For almost one-quarter of the NBA's 30 teams, 2008 is a year of change. Whether it's Mike D'Antoni's fast-paced offense in New York or Larry Brown getting the lowly Charlotte Bobcats to "play the right way," fans in seven cities have new head coaches and great expectations. They shouldn't get their hopes up. Despite years of careful analysis, nobody has determined what it is that NBA coaches actually do.

In all sports, the coach's supposed mission is to impart wisdom to his callow charges. In the NBA, though, the students sometimes have just as much coaching experience as the teacher. Along with vets like D'Antoni and Brown, this year's new class includes Vinny Del Negro of the Bulls, who has never coached anyone on any level. Michael Curry, who replaced veteran NBA coach Flip Saunders in Detroit, has served just one year as an assistant. In a couple of years, both could very well be out of work. A back-of-the-envelope calculation shows that the average tenure of today's NBA coaches—the amount of time each coach has spent in his current job—is just more than three years, about a year shorter than the current figure for the NFL and MLB. (The figure is even smaller if you account for Jerry Sloan's tenure in Utah, which dates back to the Reagan administration.)

Del Negro and Curry are, of course, ex-NBA players—a reliable back door into the NBA coaching cabal. Hiring a contemporary pro, we're told, is a smart move—nobody can relate to today's player like a recently retired jock. But despite this hiring strategy, the NBA is the only league in which coaches regularly get "tuned out"—that being the condition in which players stop paying attention to everything that comes out of their boss's mouth. Just two years ago, Avery Johnson led the Dallas Mavericks to the NBA Finals. This summer, Mavs owner Mark Cuban reported that Johnson had alienated his players to the extent that they demanded trades unless he was fired. The players weren't traded. Instead, the Mavericks dumped Johnson and replaced him with Rick Carlisle, who had previously been tuned out by the Indiana Pacers.

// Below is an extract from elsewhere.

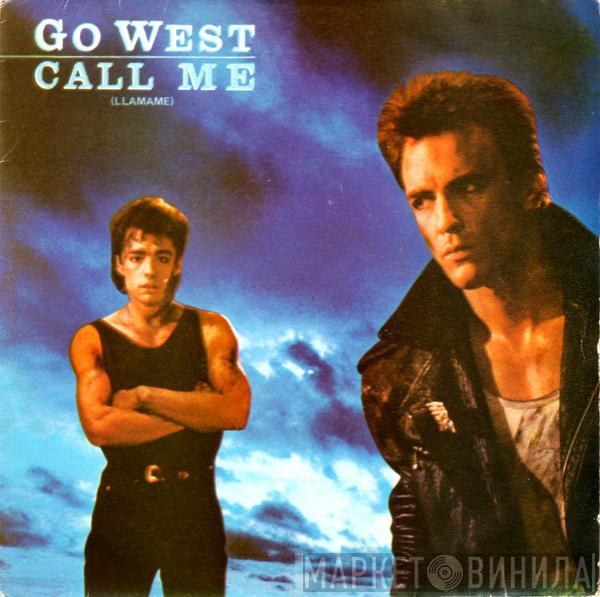  Go West  - Call Me = Llamane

If you think that being an NBA coach sounds a lot like having a position in human resources, you might be right. According to a new study co-authored by David Berri, an economist who runs the sports blog Wages of Wins, most NBA coaches are similar to company managers. In the study, Berri and his colleagues sought to investigate whether Adam Smith's theory that workers make up the value of an organization—and that managers are nothing more than "principal clerks"—applies to the NBA. The economists looked at a group of 19 longtime NBA coaches that had helmed multiple teams, using a Bill Jamesian statistic called Win Score to evaluate how players performed under their tutelage. Only eight of the 19 coaches had any statistically discernible effect on team performance. Seven had a positive impact, with Phil Jackson topping the chart. Next on the list: Rick Adelman, Rudy Tomjanovich, Rick Carlisle, Don Nelson, Flip Saunders, and Gregg Popovich. The only coach who had a demonstrably negative impact on his players: the historically inept Tim Floyd. (For what it's worth, Berri didn't study Isiah Thomas. The NBA coaches study hasn't been published yet; a version of it will be included in the 2009 book Stumbling on Wins, by Berri and Martin Schmidt.)

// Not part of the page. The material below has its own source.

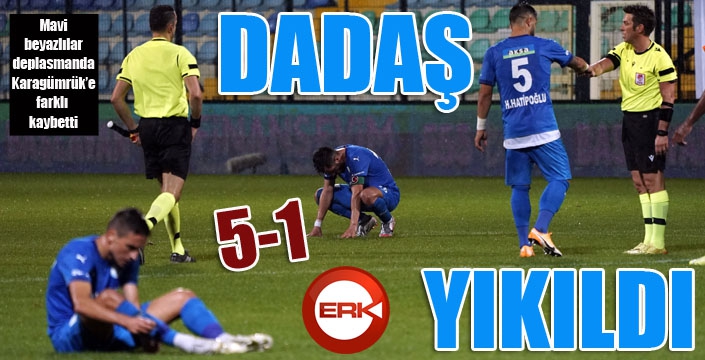 Dadaş yıkıldı...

More interesting than the names on Berri's list is his finding that the influence of even the best coaches was statistically very small and was distinguishable only from the worst-rated coaches, like Floyd. Even title-winning, Hall of Fame coaches like Pat Riley and Larry Brown were shown to have almost no impact on their teams. Players leaving Riley-led teams actually got better (except, it seems, for Antoine Walker).

Before we jump to the conclusion that most NBA coaches are just clerks with clipboards, we must acknowledge the inherent problems with measuring a coach's impact. First, coaching is collaborative, and accounting for the effects of trainers and assistant coaches (think of Tex "Triangle Offense" Winter and defensive guru Tom Thibodeau) is pretty much impossible. Second, at the risk of sounding like a motivational speaker, can leadership even be measured? Could you come up with a statistic to evaluate Doc Rivers' use of Ubuntu?

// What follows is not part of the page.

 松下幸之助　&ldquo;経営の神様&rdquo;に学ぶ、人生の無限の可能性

It's also worth mentioning that not every basketball stats guy agrees with Berri. Dean Oliver, the director of quantitative analysis for the Denver Nuggets, examined NBA coaching in his 2004 book Basketball on Paper. Oliver's research was based on using various methods of establishing an expected number of wins, things like comparing a team's field goal percentage to its opponents'. Oliver then compared these expectations with a coach's actual record. His findings: Coaches like Phil Jackson can be worth up to an additional 12 wins per year. Oliver admits his methods have their limits, and even if a coach is exceeding expectations, it's hard to know exactly why. "I don't want to say seat of the pants, but many of the coaching decisions in the NBA are made so very quickly," Oliver says. "I'm not even sure that they could break down exactly what they were thinking at any given point in the game."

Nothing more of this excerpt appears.